= Capital surplus =

Equity reserve (share premium) above par value

Capital surplus, also called share premium, is an account which may appear on a corporation's balance sheet, as a component of shareholders' equity, which represents the amount the corporation raises on the issue of shares in excess of their par value (nominal value) of the shares (common stock).

This is called Additional paid in capital in US GAAP terminology but, additional paid in capital is not limited to share premium. It is a very broad concept and includes tax related and conversion related adjustments.

Taken together, common stock (and sometimes preferred stock) issued and paid (plus capital surplus) represent the total amount actually paid by investors for shares when issued (assuming no subsequent adjustments or changes).

Shares for which there is no par value will generally not have any form of capital surplus on the balance sheet; all funds from issuing shares will be credited to common stock issued.

Some other scenarios for triggering a capital surplus include when the Government donates a piece of land to the company.

The capital surplus/share premium account (SPA) is generally not distributable, but may be used to:
- write off the expenses/commission relating to the issue of those shares, or
- make a bonus share issue of fully paid-up shares.

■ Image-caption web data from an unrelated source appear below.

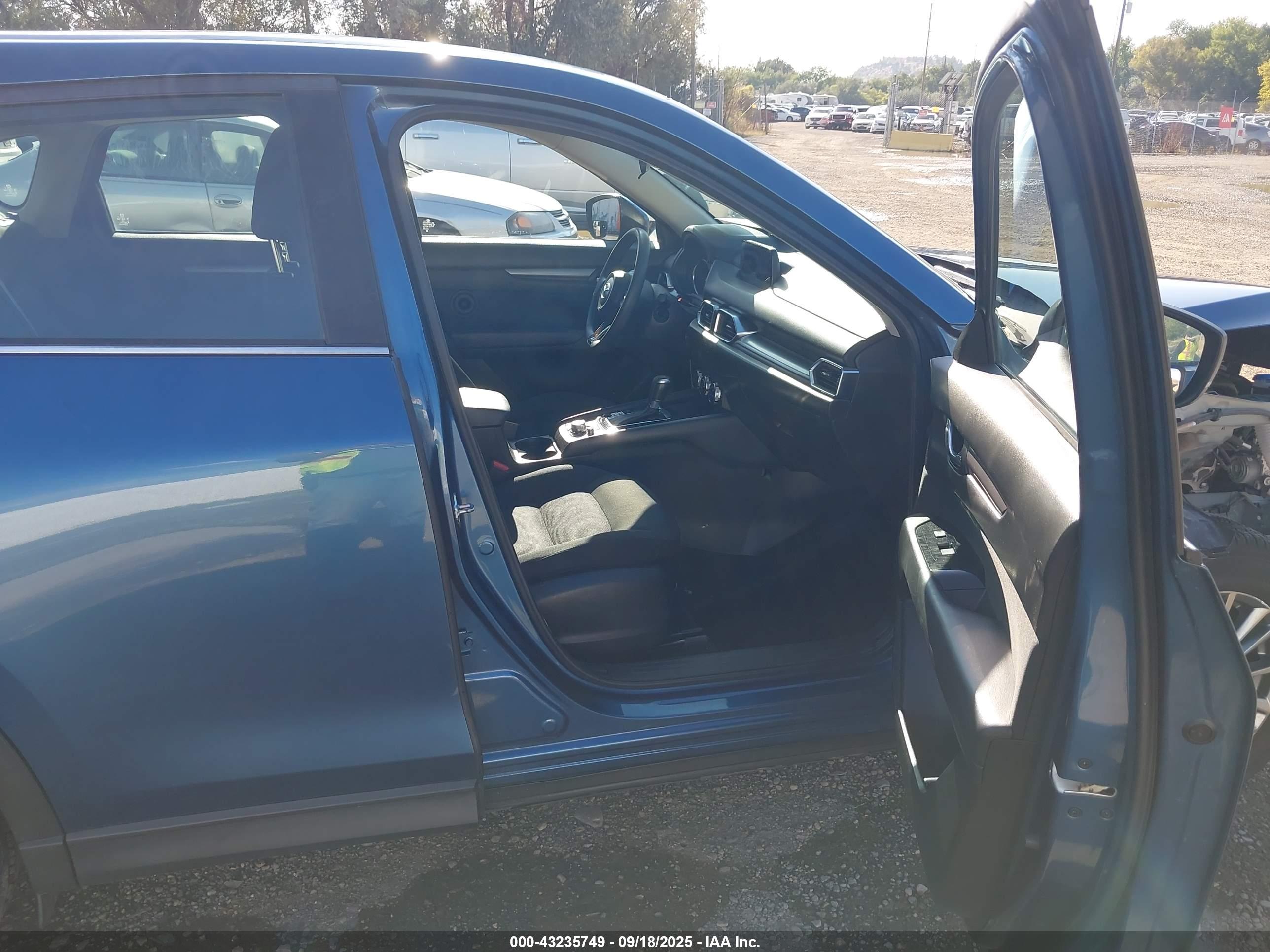 MAZDA CX-5 image 5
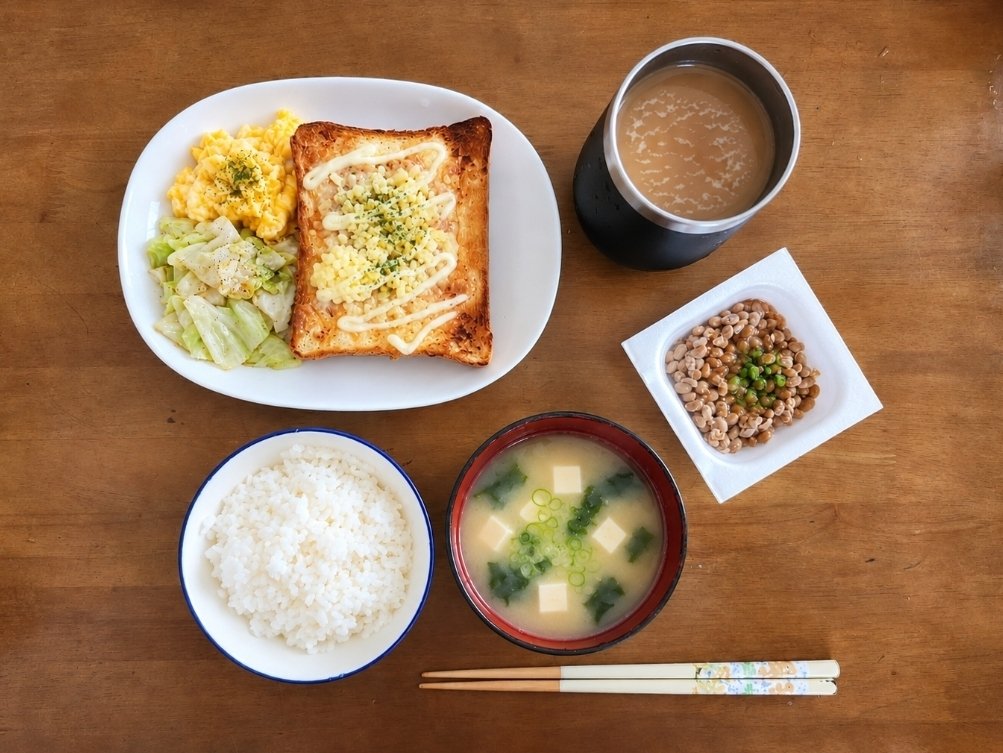 chichimaru310's tweet photo. おはようございます☔️

お休みなのに雨...という日( ；∀；)

白ご飯にトースト🍚🍞
心ゆくまで、というより、これでいい、の朝ごはん。
しっかり食べて、これから買い出しに✨

#朝ごはん #おうちごはん #雨の日 https://t.co/fBmclS9wd8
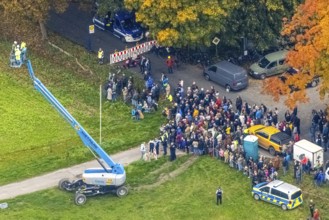 Aerial photo, thousands of spectators watched with great interest as the Gersteinwerk chimney was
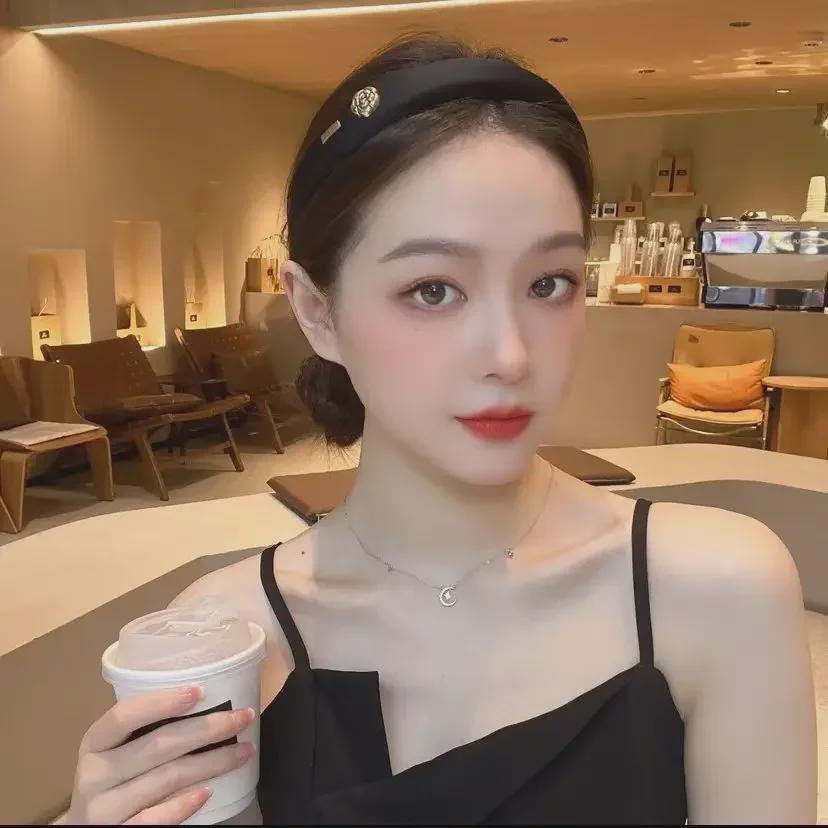 Luksusowa opaska z kamelią: Styl Zapachu High-End, Trend Koreański 2022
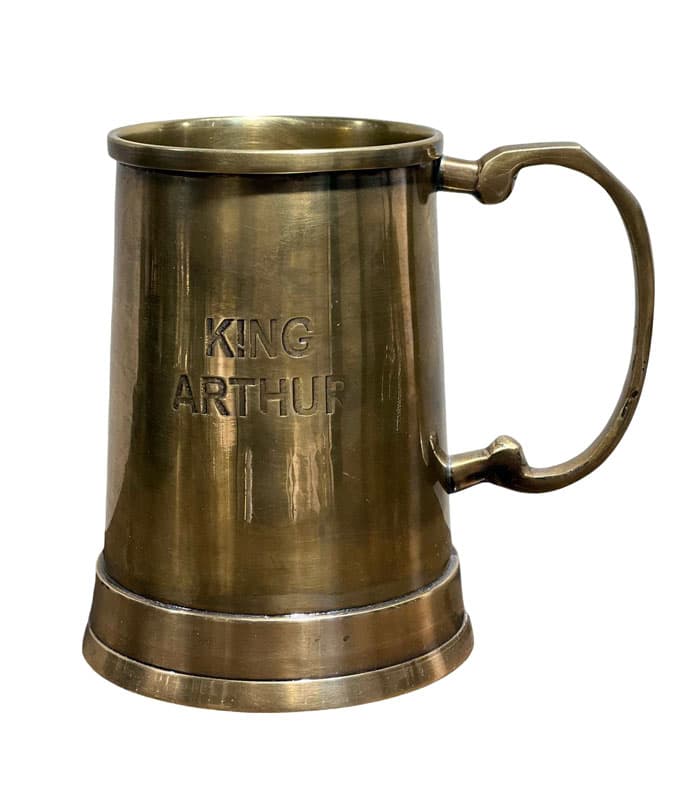 ماگ برنجی طرح King Arthur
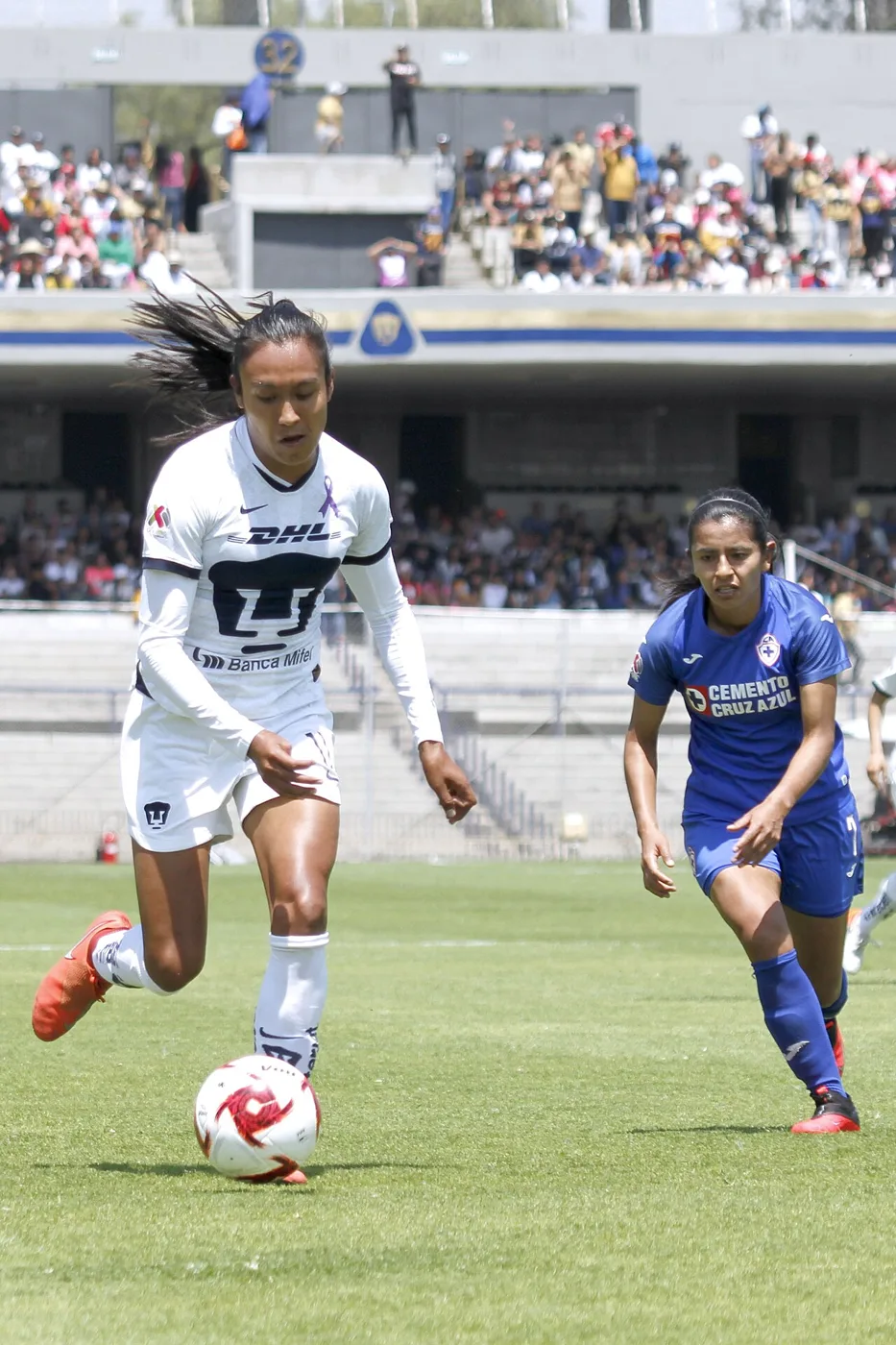 Archive action from a Pumas women’s fixture, not the current Atlas match.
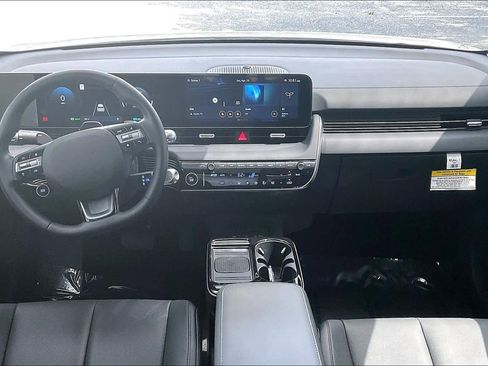 Certified 2026 Hyundai Ioniq 5 SEL RWD image 15
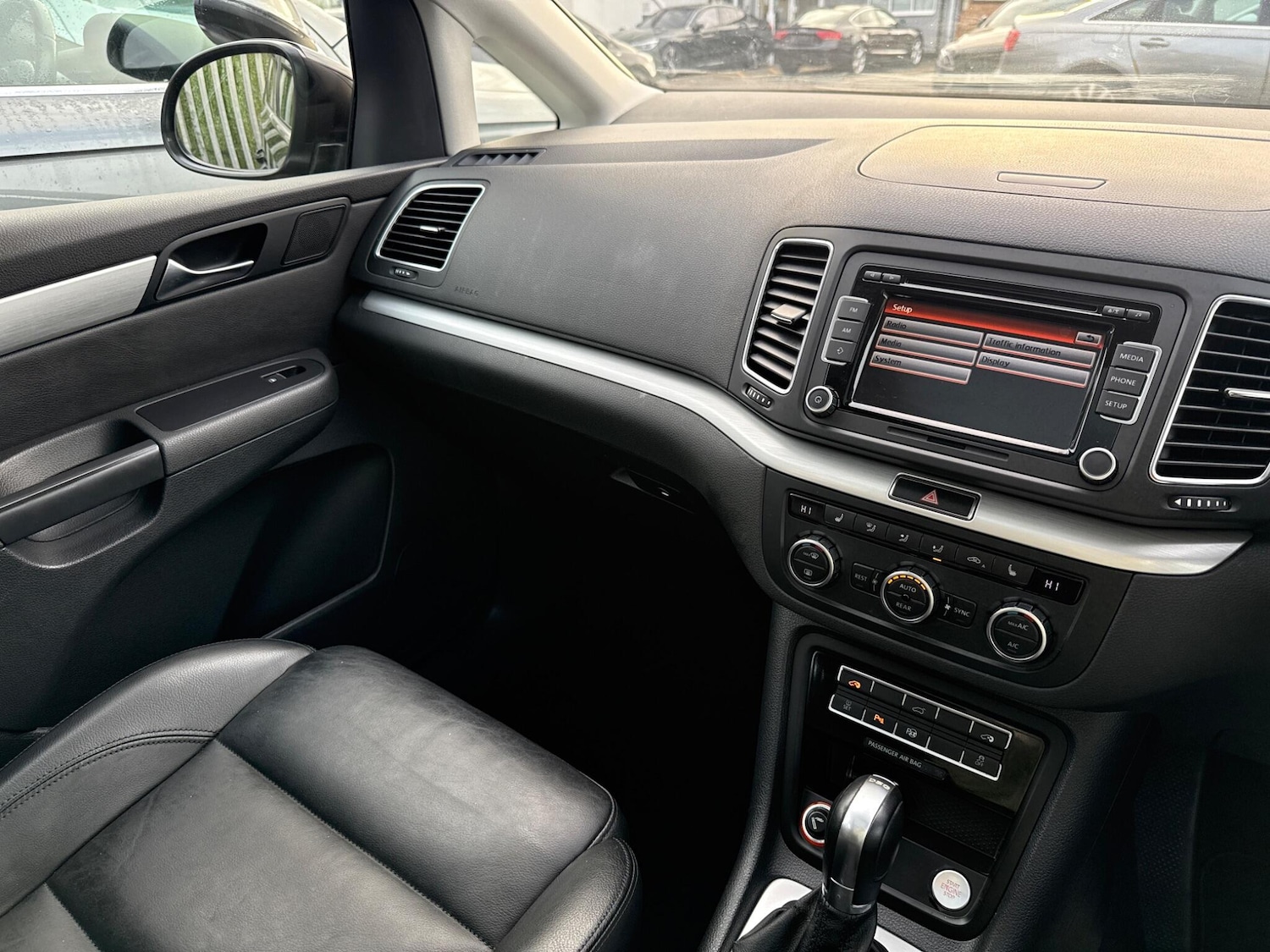 Used Volkswagen Sharan 2025 for sale - 77074075: Photo 15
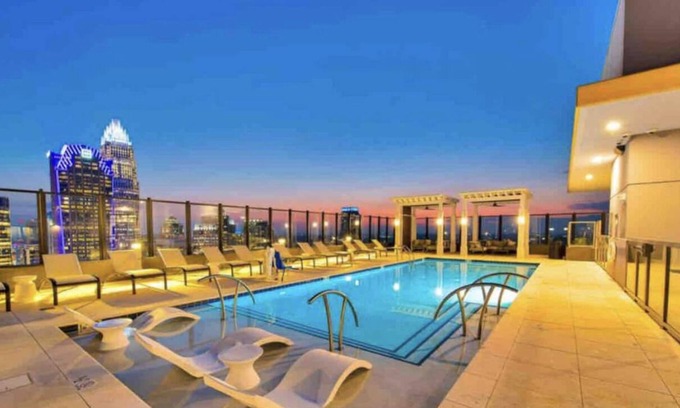 Third Ward Apartment | Nestled CLT Forth Ward Condo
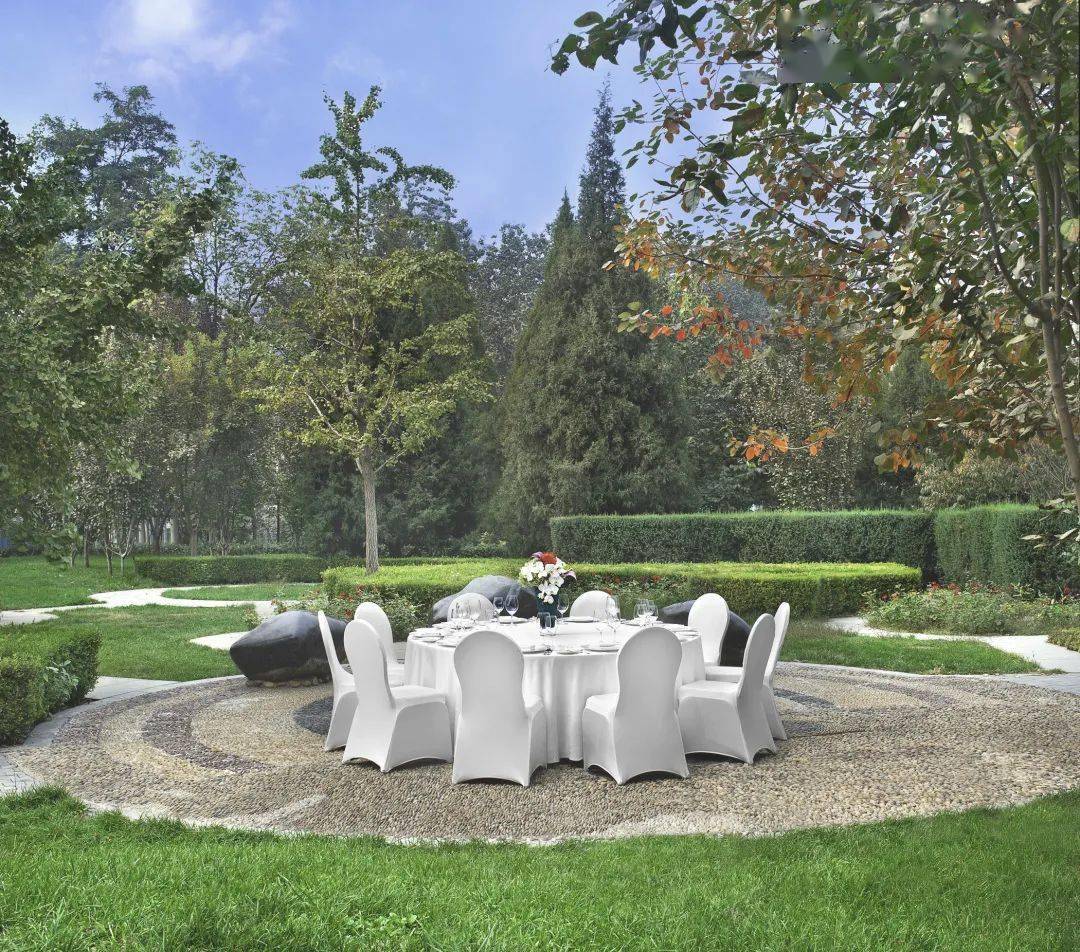 绿荫|长安街畔，6000平米绿荫花园……这是什么神仙酒店？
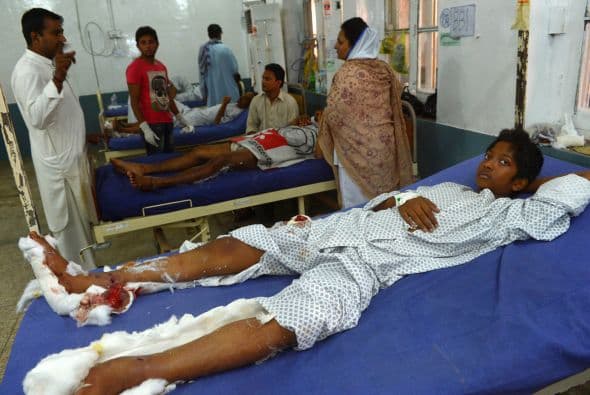 Pakistán amaneció conmocionado por la peor matanza cometida por los talibanes contra la comunidad cristiana, que costó la vida a más de ochenta personas y pone en jaque la estrategia de diálogo del Gobierno con los radicales. El último recuento ha elevado a 82 el número de fallecidos, que aún puede subir dado el estado crítico de varios de los más de 140 heridos ingresados en hospitales de la localidad noroccidental de Pesháwar, en una de cuyas iglesias se produjo la masacre. "No teníamos palabras ante el horror que teníamos delante", explicó hoy a Efe el director de la Liga Interconfesional de Pakistán (APIL), el cristiano Sayid Ishaq, quien visitó ayer junto a diversas autoridades regionales a las víctimas hospitalizadas. "No es solo un atentado contra nuestra minoría, sino también contra la humanidad de este país", dijo Ishaq, quien calificó la situación tras el ataque "como la peor sufrida hasta ahora por los cristianos paquistaníes".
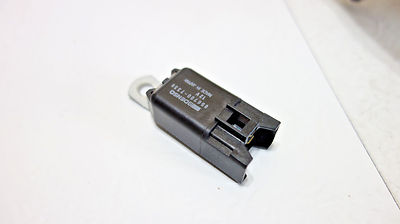 1986 - 1991 Honda crx relay denso 056700-7330 39797se0003 oem
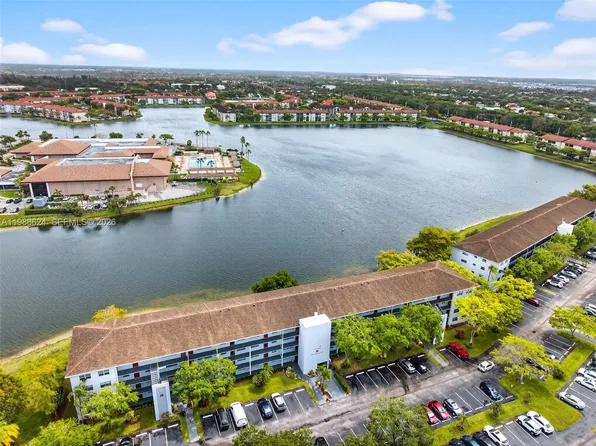 1301 SW 134th Way APT 313B, Pembroke Pines, FL 33027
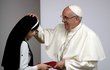 Papež zahájil setkání mladých, chce přiblížit církev mládeži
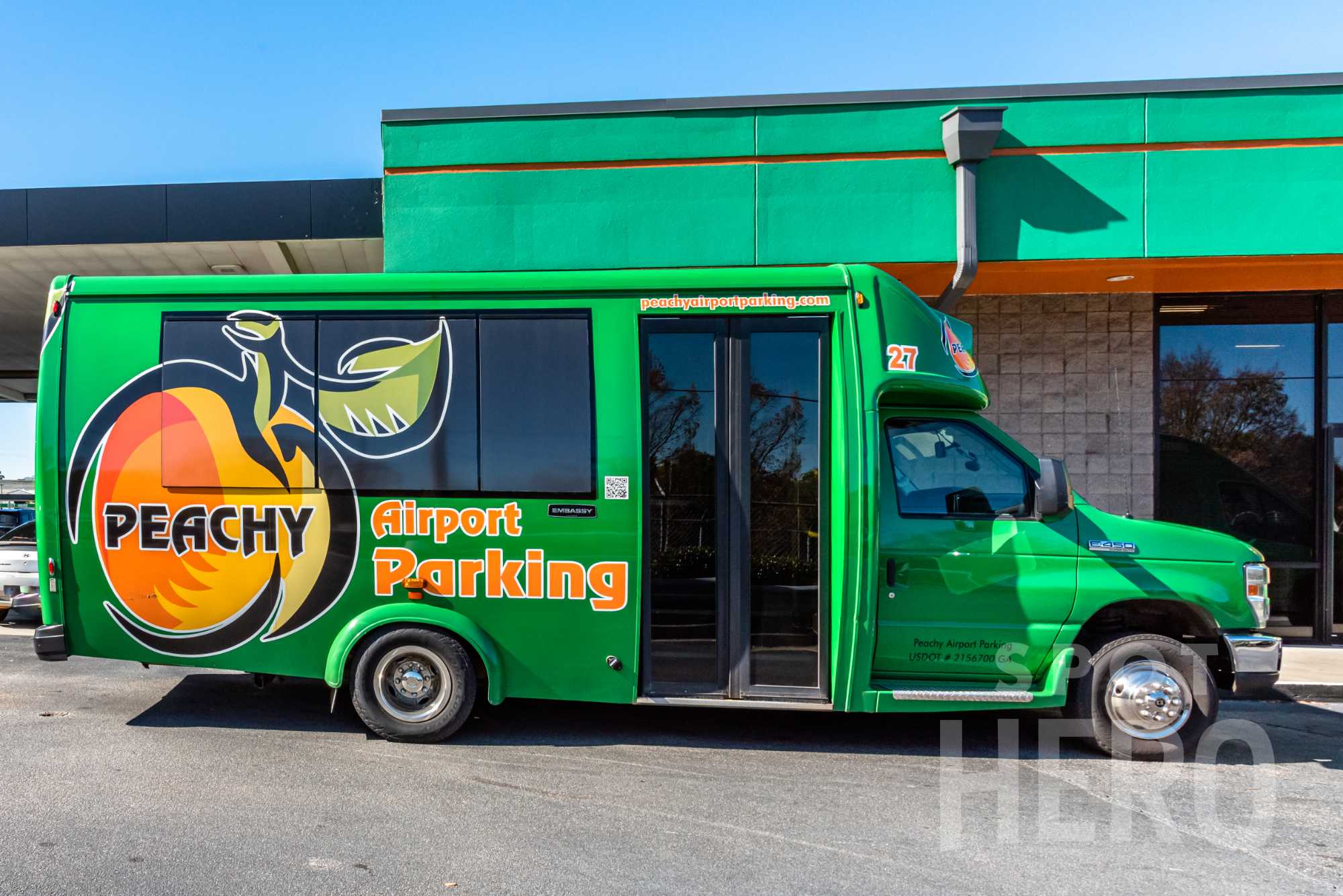 Atlanta Airport Parking | Daily Rates From $4.75 | SpotHero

Within the framework of capital increase by share premium a larger proportion of capital increase is placed into a capital reserve while the subscribed capital is increased by a minimum amount. This is because the initial losses are covered by the capital reserve. If capital increase was carried out fully or to a significant degree through the increase of subscribed capital, equity could easily fall to below the subscribed capital due to the losses.

It may also be used to account for any gains the firm may derive from selling treasury stock, although this is less commonly seen.

Capital surplus is also a term used by economists to denote capital inflows in excess of capital outflows on a country's balance of payments.

==Background==
Many firms authorize shares with some nominal par value, often the smallest unit of currency commonly in use (such as one penny or $0.01), in many jurisdictions due to legal requirements. The firm may then sell these shares for a much higher price (as the par value is a largely archaic and fictional concept).

Any premium received over the par value is credited to capital surplus.

===Share premium reserve account===
According to Companies Act 2006 s.610 in the United Kingdom the share premium account may be used only for certain specific purposes. However, UK company law in this connection was significantly relaxed in 2008 by permitting the share premium account to be converted into share capital and then the share capital to be reduced (effectively allowing the elimination of the share premium account by a two-stage process).

Under companies ordinance 1984 (Nepal) s.84:

(1) If a company issues shares at a premium, whether for cash or otherwise, a sum equal to the aggregate amount or value of the premiums on those shares shall be transferred to an account called "the share premium account".

(2) The share premium account may be applied by the company in paying up unissued shares to be allotted to members as fully paid bonus shares, or in writing off-
(a) the company's preliminary expenses; or
(b) the expenses of, or the commission paid or discount allowed on, any issue of shares or debentures of the company,
or
(c) in providing for the premium payable on redemption of debentures of the company.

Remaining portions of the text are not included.